◆ **PROBLEM STATEMENT**: After locating the line that contains "AMZCNC Copper Tube" in the material below, copy that line and each one following it, exactly, up to the last line. Pictures stay out.
Top of DATA TO PROCESS
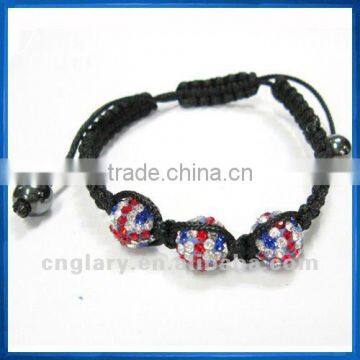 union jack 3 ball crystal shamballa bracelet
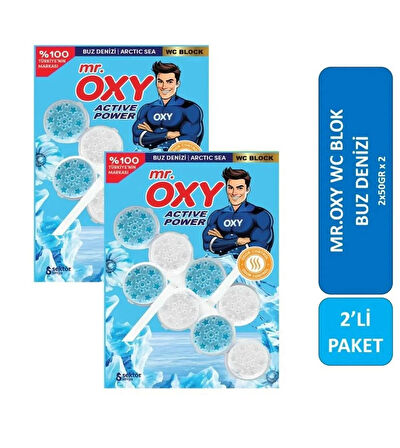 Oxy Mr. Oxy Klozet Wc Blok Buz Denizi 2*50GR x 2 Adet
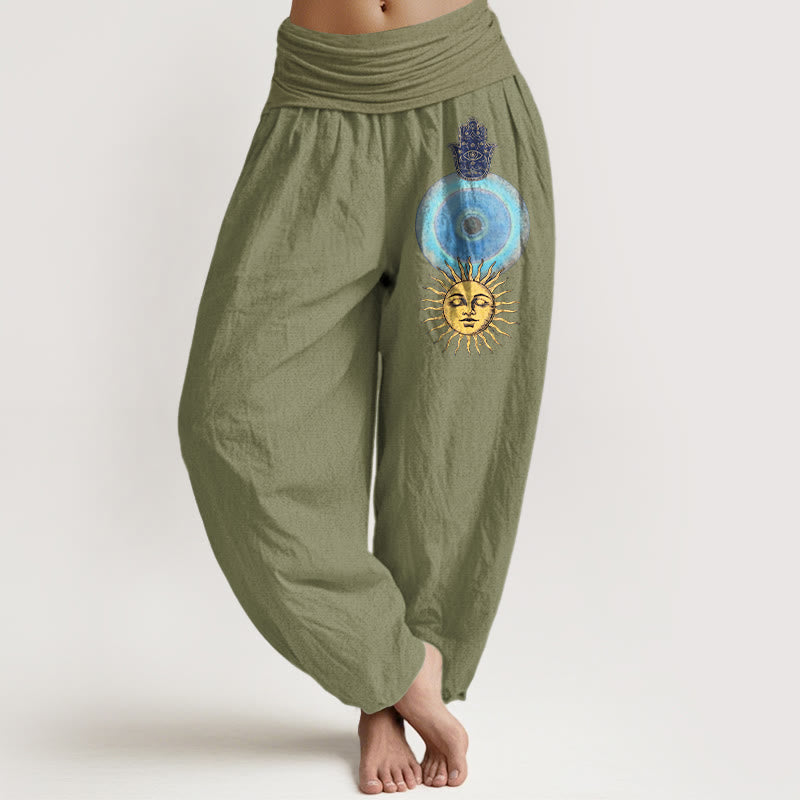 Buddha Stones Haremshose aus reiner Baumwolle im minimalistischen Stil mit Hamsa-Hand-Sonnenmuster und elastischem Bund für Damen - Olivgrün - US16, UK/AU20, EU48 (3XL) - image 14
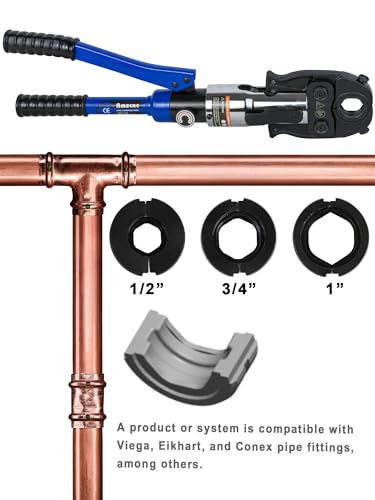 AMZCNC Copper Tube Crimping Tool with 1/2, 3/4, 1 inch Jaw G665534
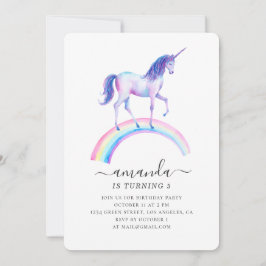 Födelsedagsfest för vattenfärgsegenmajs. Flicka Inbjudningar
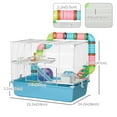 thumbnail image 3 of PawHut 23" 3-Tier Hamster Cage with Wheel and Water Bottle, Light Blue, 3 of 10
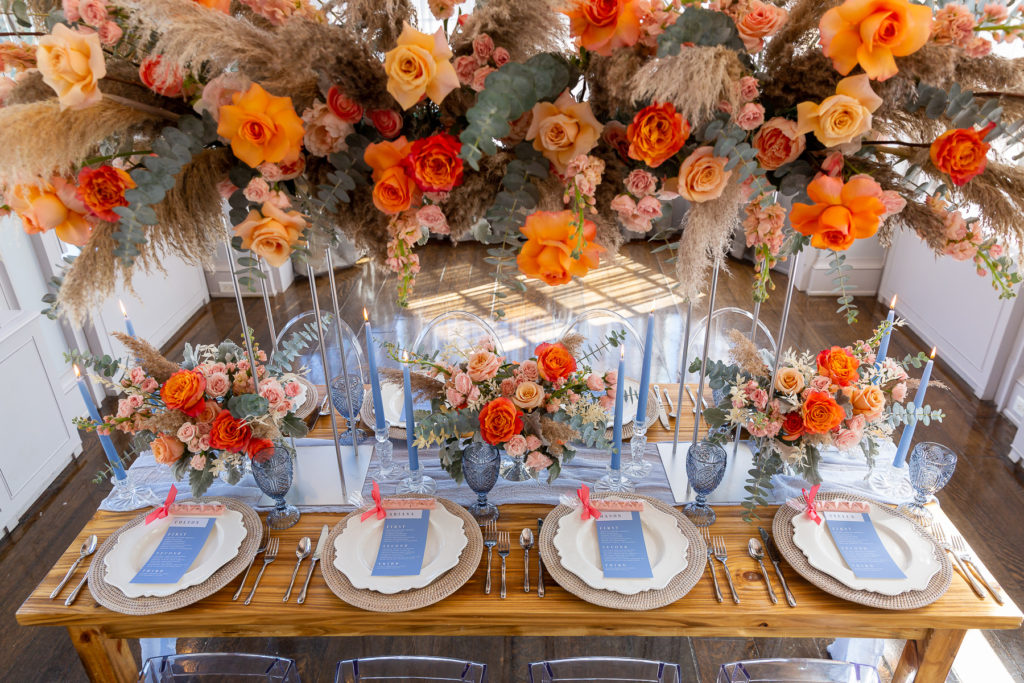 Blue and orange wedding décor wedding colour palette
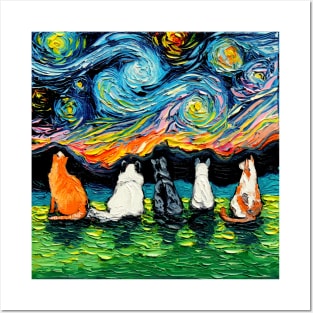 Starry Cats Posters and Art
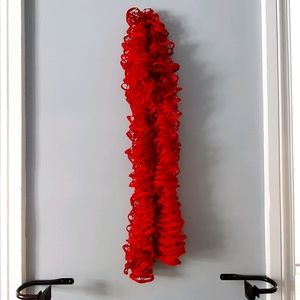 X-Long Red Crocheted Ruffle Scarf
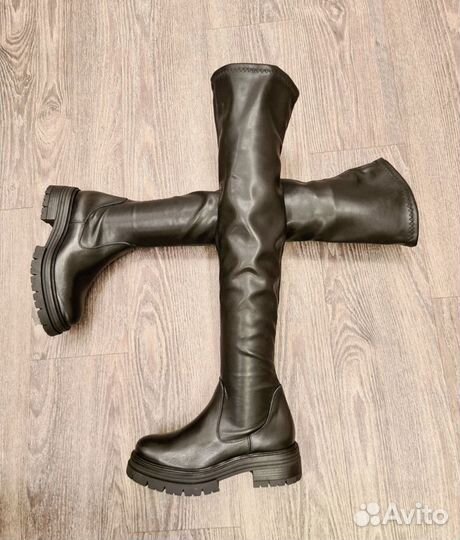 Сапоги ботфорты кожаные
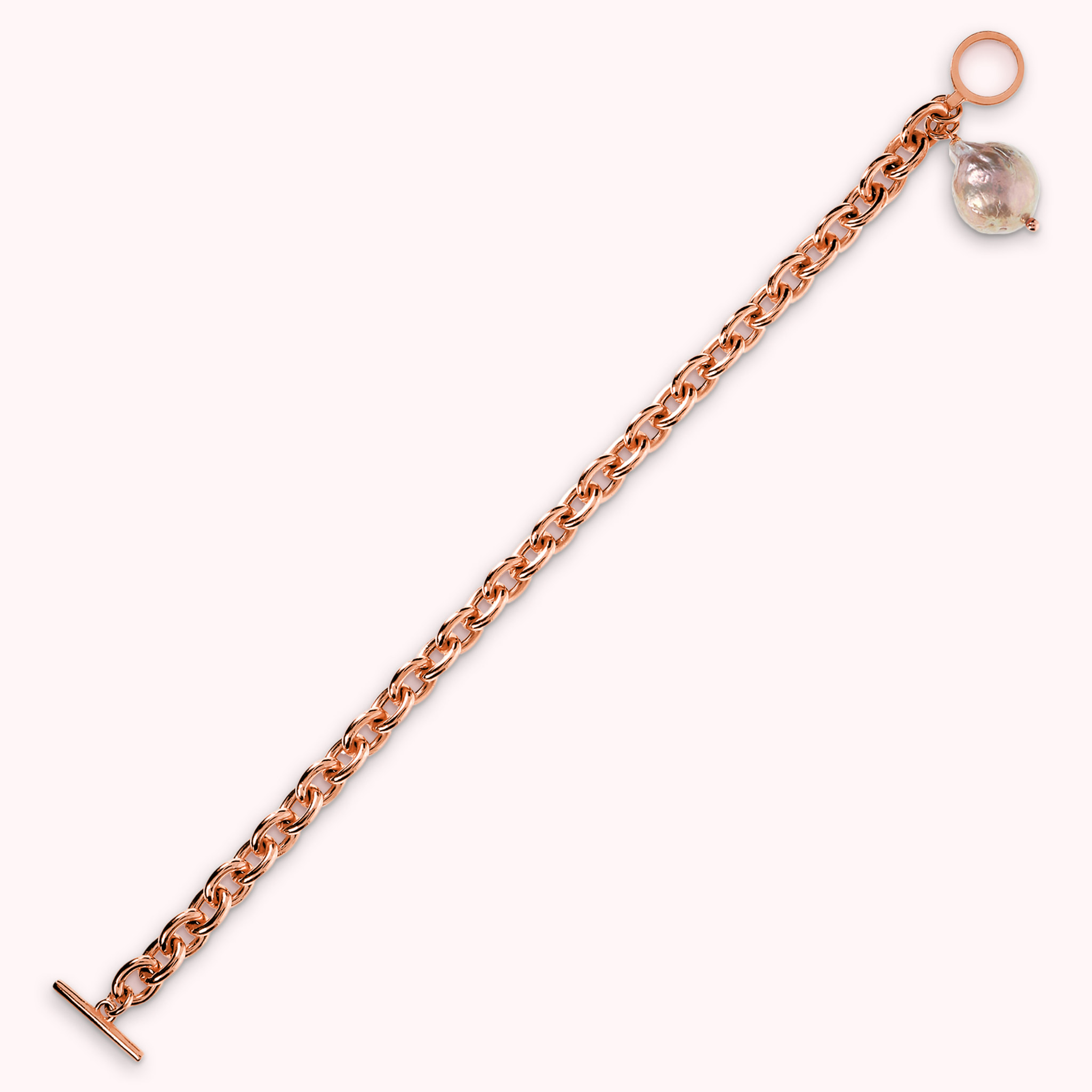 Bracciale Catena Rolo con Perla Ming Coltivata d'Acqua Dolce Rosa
Bottom of DATA TO PROCESS
◆ **WRITTEN RESPONSE**:
 AMZCNC Copper Tube Crimping Tool with 1/2, 3/4, 1 inch Jaw G665534
 Födelsedagsfest för vattenfärgsegenmajs. Flicka Inbjudningar
 thumbnail image 3 of PawHut 23" 3-Tier Hamster Cage with Wheel and Water Bottle, Light Blue, 3 of 10
 Blue and orange wedding décor wedding colour palette
 Starry Cats Posters and Art
 X-Long Red Crocheted Ruffle Scarf
 Сапоги ботфорты кожаные
 Bracciale Catena Rolo con Perla Ming Coltivata d'Acqua Dolce Rosa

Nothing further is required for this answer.